(Requirement) Below are some records. Retype exactly the lines from the one containing "永崋证券 广电考研文章怎么写" through the one containing "Who My Pants, Funny", both included, skipping every picture.

--- Data records Enclosed Below ---

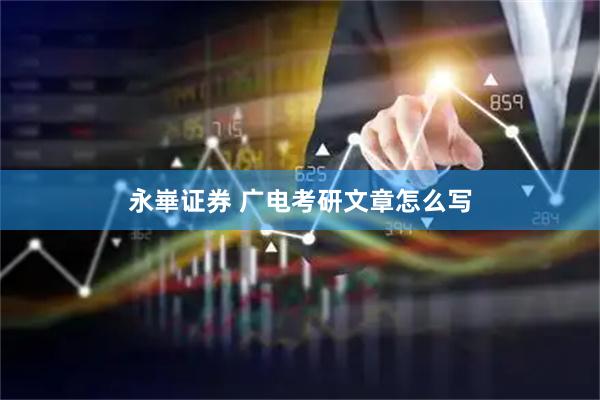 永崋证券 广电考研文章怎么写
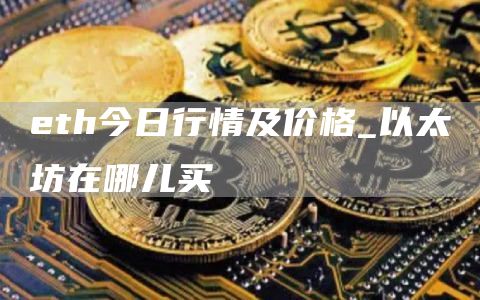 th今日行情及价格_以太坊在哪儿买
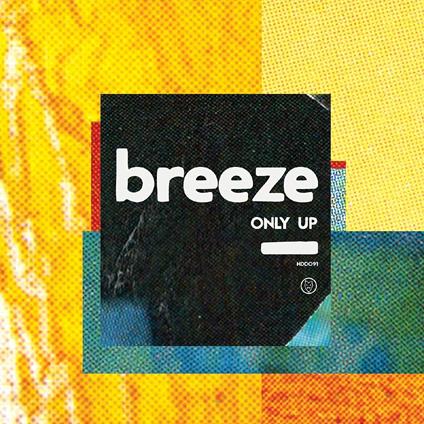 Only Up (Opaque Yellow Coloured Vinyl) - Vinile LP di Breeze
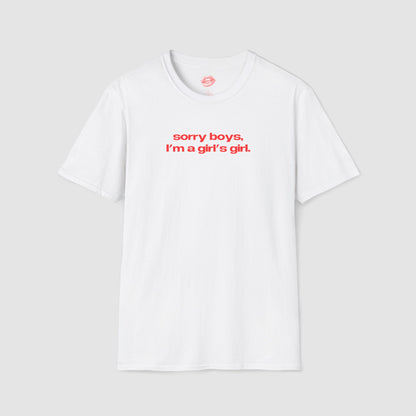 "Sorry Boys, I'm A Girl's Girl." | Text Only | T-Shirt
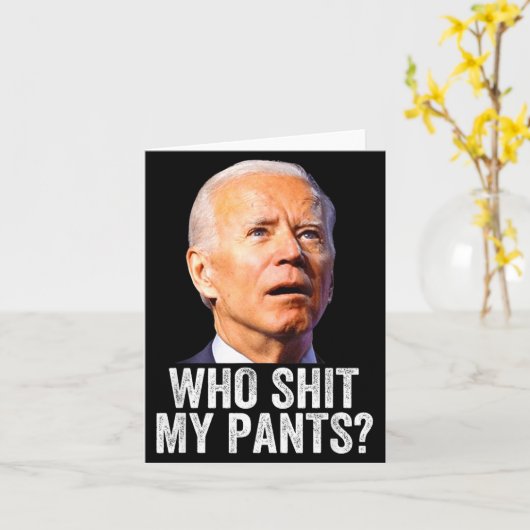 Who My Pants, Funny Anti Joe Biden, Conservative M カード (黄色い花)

--- End of Enclosed Data records ---
--- Data records Enclosed Below ---

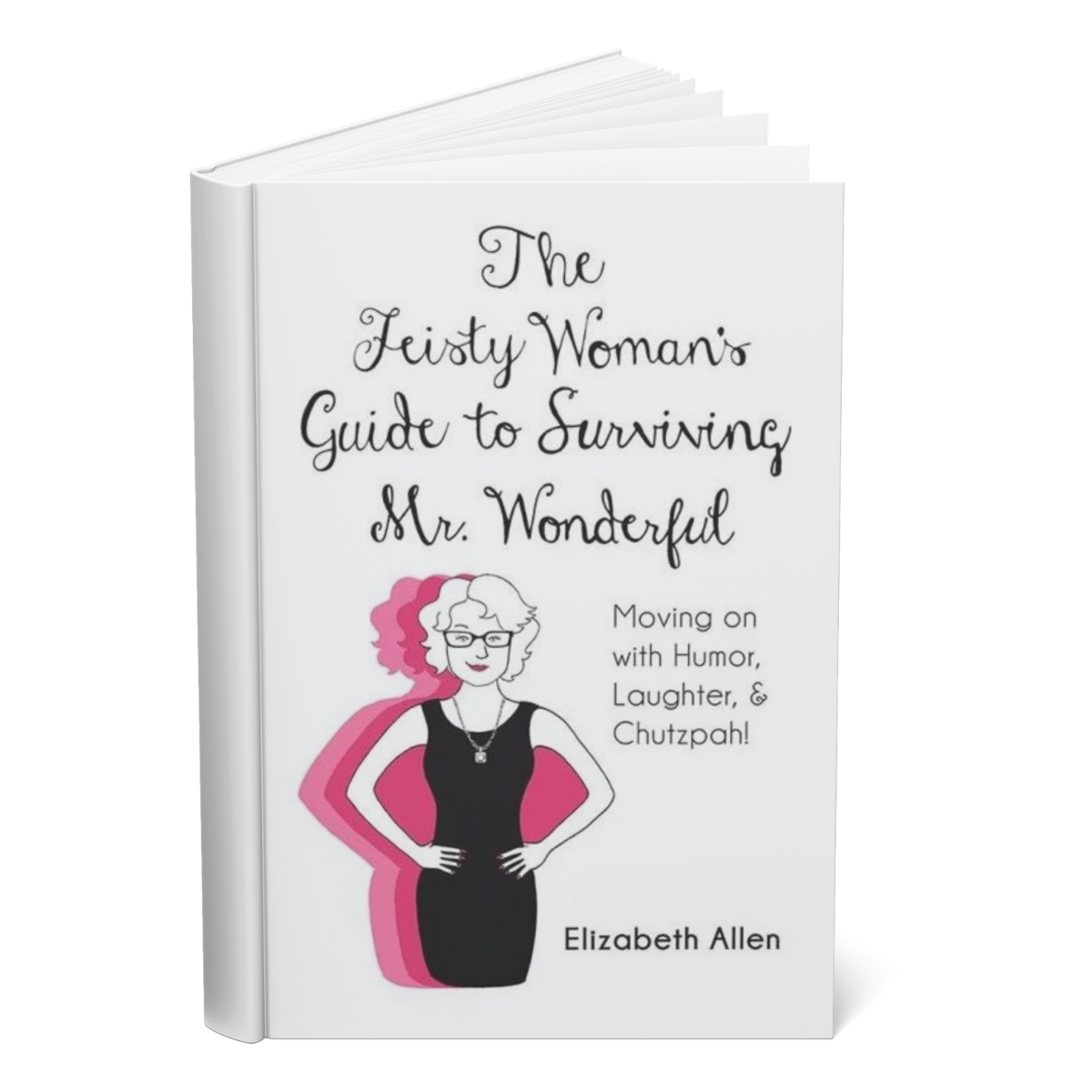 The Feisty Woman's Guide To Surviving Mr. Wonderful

--- End of Enclosed Data records ---
--- Data records Enclosed Below ---

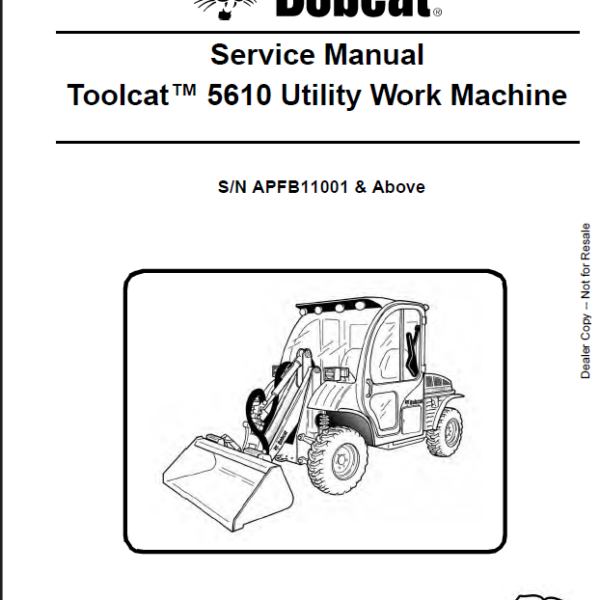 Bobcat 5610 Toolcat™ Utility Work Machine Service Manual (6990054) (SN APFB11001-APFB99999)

--- End of Enclosed Data records ---

(Written response)
 永崋证券 广电考研文章怎么写
 th今日行情及价格_以太坊在哪儿买
 Only Up (Opaque Yellow Coloured Vinyl) - Vinile LP di Breeze
 "Sorry Boys, I'm A Girl's Girl." | Text Only | T-Shirt
 Who My Pants, Funny Anti Joe Biden, Conservative M カード (黄色い花)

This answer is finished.